Implementation:Bitsandbytes foundation Bitsandbytes CPU Ops Header
| Knowledge Sources | |
|---|---|
| Domains | CPU_Backend, Dequantization, SIMD |
| Last Updated | 2026-02-07 13:31 GMT |
Overview
C++ header providing CPU-specific SIMD utilities, data type conversions, NF4/FP4 dequantization lookup trees, and parallelized dequantization function declarations for the CPU backend.
Description
The cpu_ops.h header is the foundation of the bitsandbytes CPU backend. It provides: (1) compile-time AVX512/AVX512-BF16 feature detection for runtime dispatch, (2) software implementations of FP16 and BF16 conversions with correct rounding, (3) binary-tree-based NF4 and FP4 dequantization functions that map 4-bit codes to float values, (4) an OpenMP-based 2D parallel tiling utility for efficient multi-threaded dequantization, and (5) template declarations for blockwise 8-bit and 4-bit dequantization kernels and 4-bit GEMV inference with AVX512-BF16.
Usage
This header is included by csrc/cpu_ops.cpp which implements the declared templates. It provides the low-level building blocks used when bitsandbytes runs on CPU-only systems or when CPU fallback is needed for operations not dispatched to a GPU backend.
Code Reference
Source Location
- Repository: bitsandbytes
- File: csrc/cpu_ops.h
- Lines: 1-334
Signature
// Key functions declared/defined:
inline float dDequantizeFP4(unsigned char val);
inline float dDequantizeNF4(unsigned char val);
void quantize_cpu(float* code, float* A, float* absmax,
unsigned char* out, long long blocksize, long long n);
template <typename T>
void dequantizeBlockwise8bitCpu(float* code, unsigned char* A,
const float* absmax, T* out, long long blocksize, long long n);
template <typename T, int DATA_TYPE>
void dequantizeBlockwise4bitCpu(unsigned char* A, const float* absmax,
T* out, long long blocksize, long long m, long long n);
template <typename T, int DATA_TYPE>
void gemv_4bit_inference(int64_t M, int64_t N, int64_t K,
const T* x, const unsigned char* w, const T* absmax,
T* out, int64_t blocksize, int64_t x_stride, int64_t out_stride);
// Utility functions:
static inline bf16_t float_to_bf16(float x);
static float bf16_to_float(uint16_t bf16);
static inline fp16_t float_to_fp16(float x);
static inline bool has_avx512f();
template <typename func_t> inline void parallel_2d(int m, int n, const func_t& f);
Import
#include "cpu_ops.h"
I/O Contract
Inputs
| Name | Type | Required | Description |
|---|---|---|---|
| code | float* | Yes (8-bit) | Quantization codebook (256 entries for 8-bit) |
| A | unsigned char* | Yes | Quantized input tensor |
| absmax | float* | Yes | Per-block absolute maximum scaling factors |
| blocksize | long long/int64_t | Yes | Number of elements per quantization block |
| n | long long | Yes | Total number of elements |
Outputs
| Name | Type | Description |
|---|---|---|
| out | T* | Dequantized output tensor (float, fp16, or bf16) |
Usage Examples
Binary Tree NF4 Dequantization
// The NF4 dequantization uses a binary tree lookup:
// 4-bit value 0b1111 -> 1.0f (maximum positive)

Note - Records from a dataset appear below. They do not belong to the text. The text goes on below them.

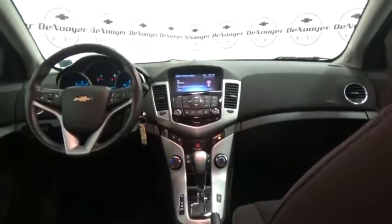This vehicle offers reliability and good looks at a great price. So come in and take a test drive today.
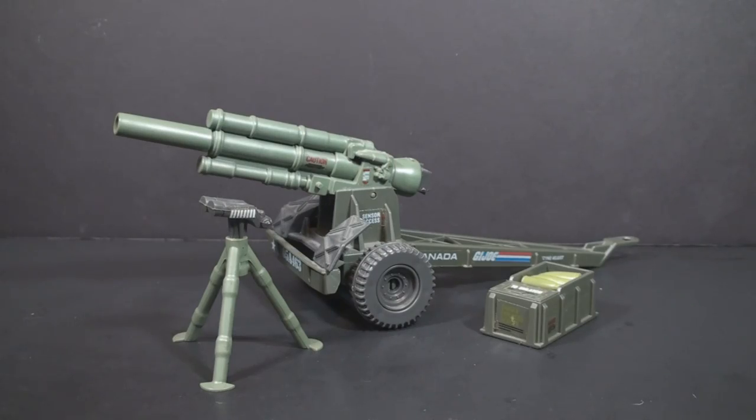Option two will be the 1984 Mountain Howitzer. This set was designed to be used in conjunction with G.I. Joe vehicles — it could be towed. This is actually a weapon, so if you want to see a more action-oriented review and you'd like to see the Mountain Howitzer, select option two.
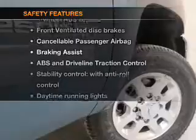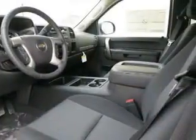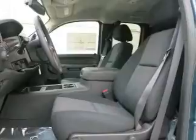And for your peace of mind, the following safety equipment is included: front ventilated disc brakes, passenger airbag, traction control, stability control, daytime running lights, low tire pressure warning, and independent suspension.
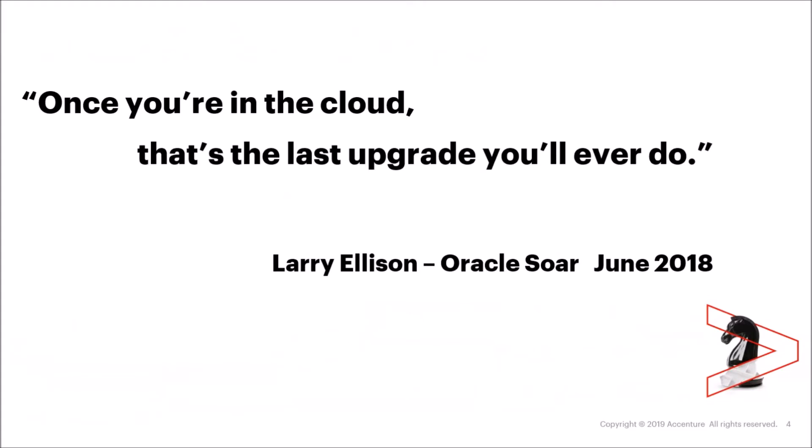The main thing I'd like to talk about is the statement that Larry Ellison made back at Oracle in 2018 — quite wide-ranging bold statements: 'Once you're in the cloud, that's the last upgrade you'll ever do.' We've had a lot of questions on this. What does it really mean if you transfer to Oracle Cloud? Is it really as simple as just sitting back and the platform works absolutely fine, or are there still things you need to be involved in when it comes to upgrades and patching?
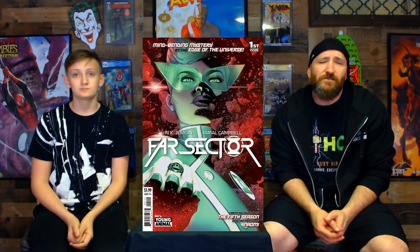Coming in at number eight, we have Far Sector Issue Number One, the Second Print. This book is the first appearance of Green Lantern Jo Mullein. There is speculation that Jo will be included in the Green Lantern HBO Max series, and the speculation also tied into Teen Lantern. This is something they've been talking about ever since the Far Sector book came out — that there could be some kind of tie with an HBO TV show. It did have really great art on the inside, and a lot of people like the book.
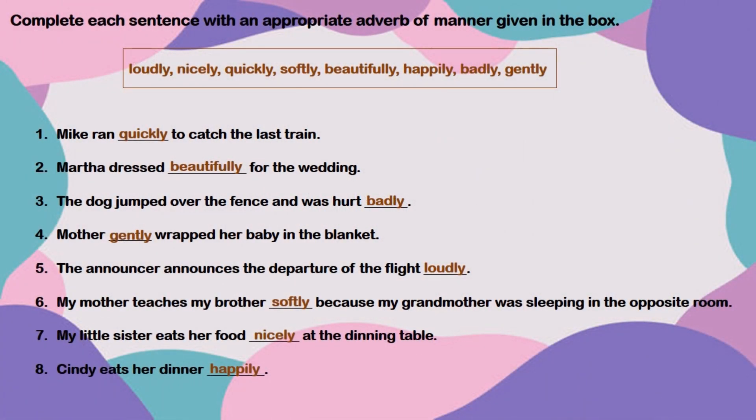This was your worksheet for homework, in which you had to complete each sentence with an appropriate adverb of manner given in the box. So your answers are: Mike ran quickly to catch the last train. Matra dressed beautifully for the wedding.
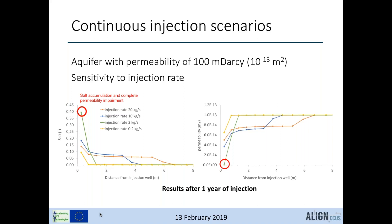If the injection rate is lowered further to 0.2 kg/s, there is hardly any salt that precipitates, illustrating the three mechanisms described earlier.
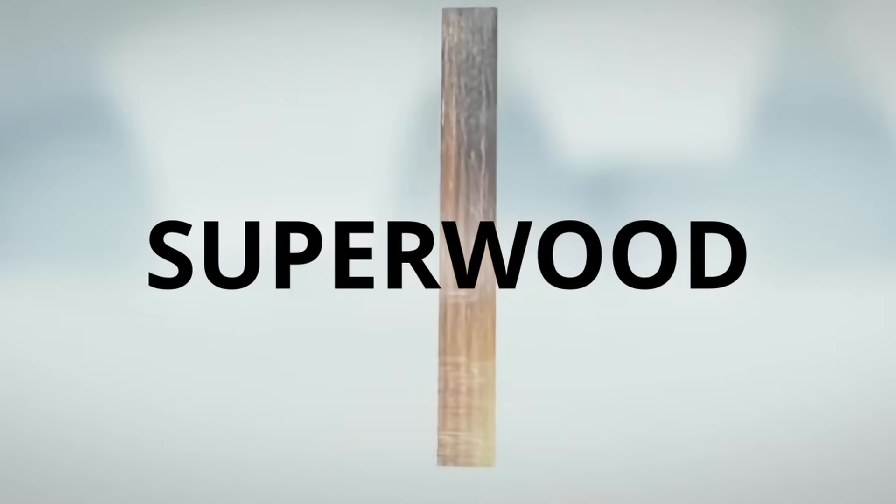In this video we're going to talk about one of the most exciting materials to come along in decades, and you won't believe the potential that it has. It's stronger than steel, it's lighter than steel, it's cheaper to manufacture than steel, and it's called super wood.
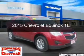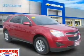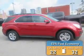This is a new 2015 Chevrolet Equinox. It's powered by front-wheel drive, a 2.4-liter, four-cylinder engine, and a six-speed automatic transmission. Great fuel efficiency saves you money by requiring fewer trips to the gas station.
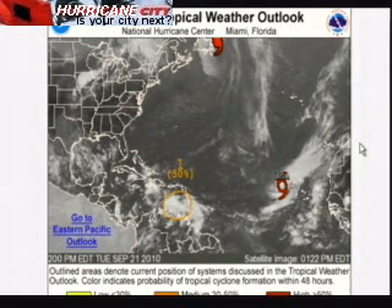This is Jim Williams with the Hurricane City Tropical Update for September 21st, 7:30 p.m. Here's the graphical tropical weather outlook from the National Hurricane Center, and we have three systems on the map. We have Igor, which has affected Newfoundland. We have a new Invest 95L in the Eastern Caribbean Sea with a 50% chance of development — that could be a big story down the road. And we have Tropical Storm Lisa in the East Atlantic.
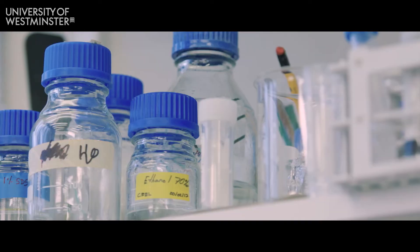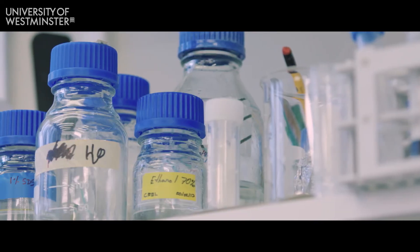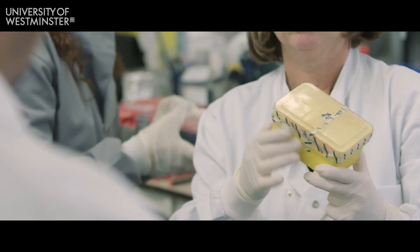The research that we undertake here at the university means that the student will be well trained to be able to go into the pharmaceutical industry, the biotechnological industry, or into academic research.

// 4-bit value 0b0000 -> -1.0f (maximum negative)
// 4-bit value 0b0111 -> 0.0f (zero)
float val = dDequantizeNF4(0b1111); // returns 1.0f
float val2 = dDequantizeNF4(0b0111); // returns 0.0f
Parallel 2D Tiling
// Distribute M x N work across OpenMP threads with square tiling
parallel_2d(M, N, [&](int begin_m, int end_m, int begin_n, int end_n) {
for (int i = begin_m; i < end_m; i++)
for (int j = begin_n; j < end_n; j++)
process(i, j);
});